The POCSAG Paging Protocal


Home > My Projects > Pager Decoder > The POCSAG Paging Protocal

The following summary describes the coding used on POCSAG pager signals and may be of interest to those curious about what those ear-splitting beeps and buzzes mean and how they encode data. This summary is based on a very old text of the standard from my files; the current text of the POCSAG standard is available as CCIR Radiopaging Format 1.

Before you read further, you may want to hear what POCSAG sounds like:

Note that some current POCSAG signals (so called Super-POCSAG) transmit paging at 1200 or 2400 baud instead of the 512 baud I refer to here, but use essentially a similar coding standard.

The interested USA reader is reminded that willfully intercepting other than tone only paging is a violation of the ECPA with similar penalties and criminal status to willfully intercepting cellular phone calls.

The interested reader is advised that at least two of Universal Shortwave's RTTY reading devices (the M8000 and the new C-400) are capable of reading at least the older 512 baud version of POCSAG paging, so commercial devices for this purpose are currently being sold in the USA.

And finally, much alphanumeric paging - particularly that installed some time ago, uses a proprietary Motorola encoding format called GOLAY which is quite different from POCSAG. The two can be told apart by their baud rates - GOLAY is 600 baud.

POCSAG

First POCSAG stands for Post Office Code Standarization Advisory Group.
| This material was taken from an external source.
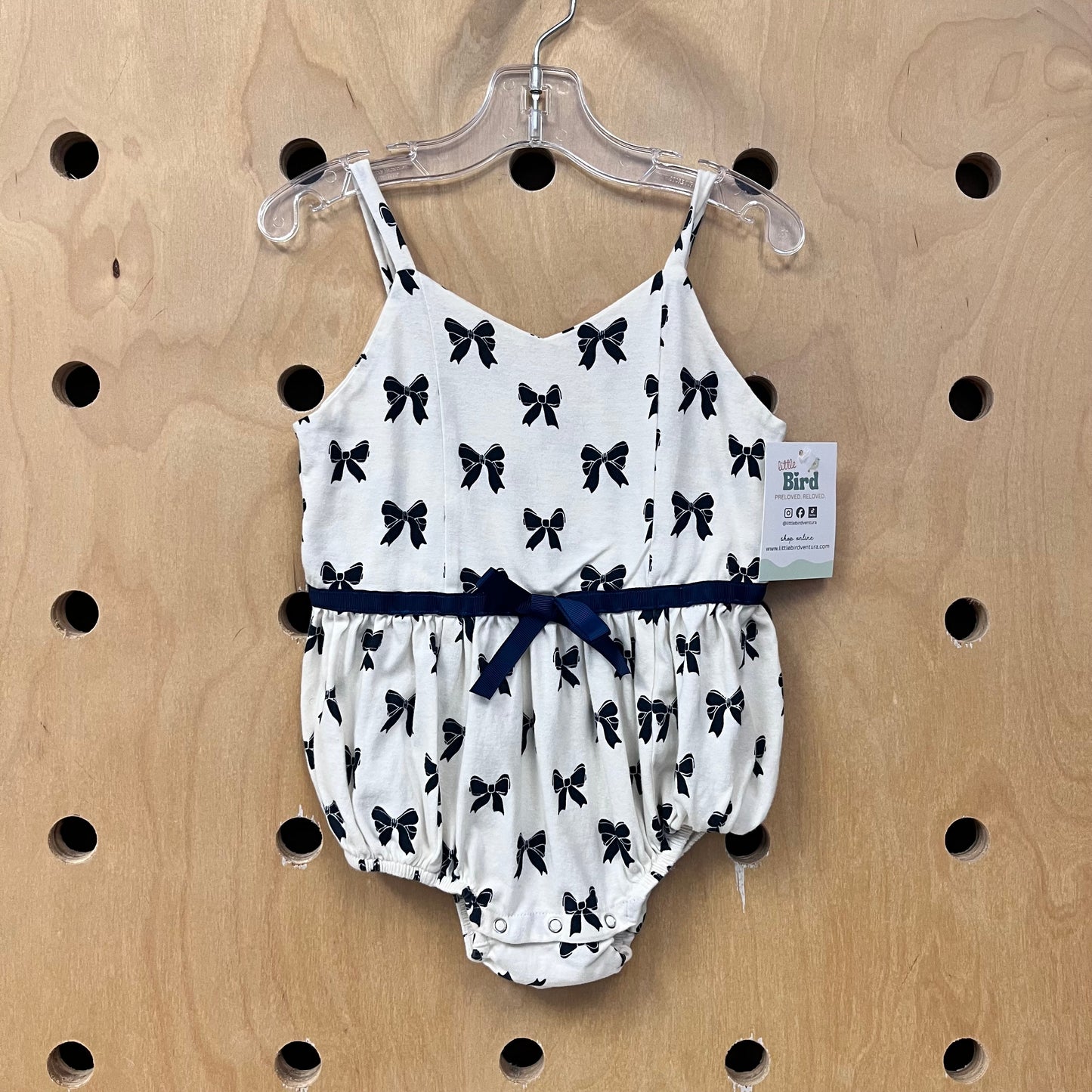 White/Blue Bow Cotton Romper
Post office in this context is the British Post Office which used to be the supplier of all telecommunications services in England before privatization.
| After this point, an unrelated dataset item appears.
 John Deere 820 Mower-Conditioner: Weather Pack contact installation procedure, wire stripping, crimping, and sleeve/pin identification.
POCSAG as defined in the standard, (original POCSAG) is 512 bits per second direct FSK (not AFSK) of the carrier wave with +- 4.5 khz shift (less deviation than that is used in some US systems). Data is NRZ coded with the higher frequency representing 0 (space) and the lower one representing 1 (mark).
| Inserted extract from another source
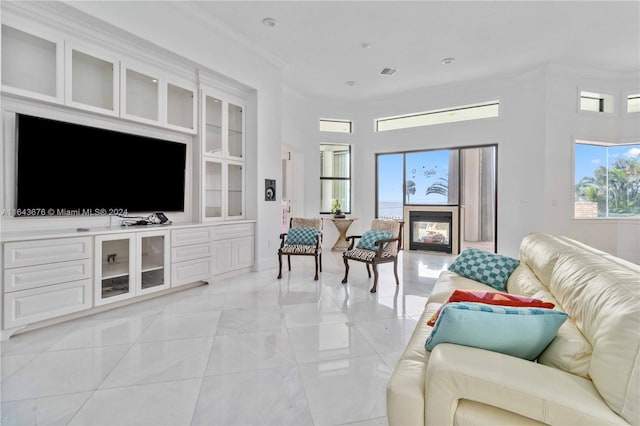 living room featuring ornamental molding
The basic unit of data in a POCSAG message is the codeword which is always a 32 bit long entity. The most significant bit of a codeword is transmitted first followed immediately by the next most significant bit and so forth. The data is NRZ, so that mark and space values (plus and minus voltages) as sampled on the output of the receiver discriminator at a 512 hz rate corrospond directly to bits in the codeword starting with the MSB. (Note that the audio output circuitry following the discriminator in a typical voice scanner may considerably distort this square wave pattern of bits, so it is best to take the signal directly off the discriminator before the audio filtering).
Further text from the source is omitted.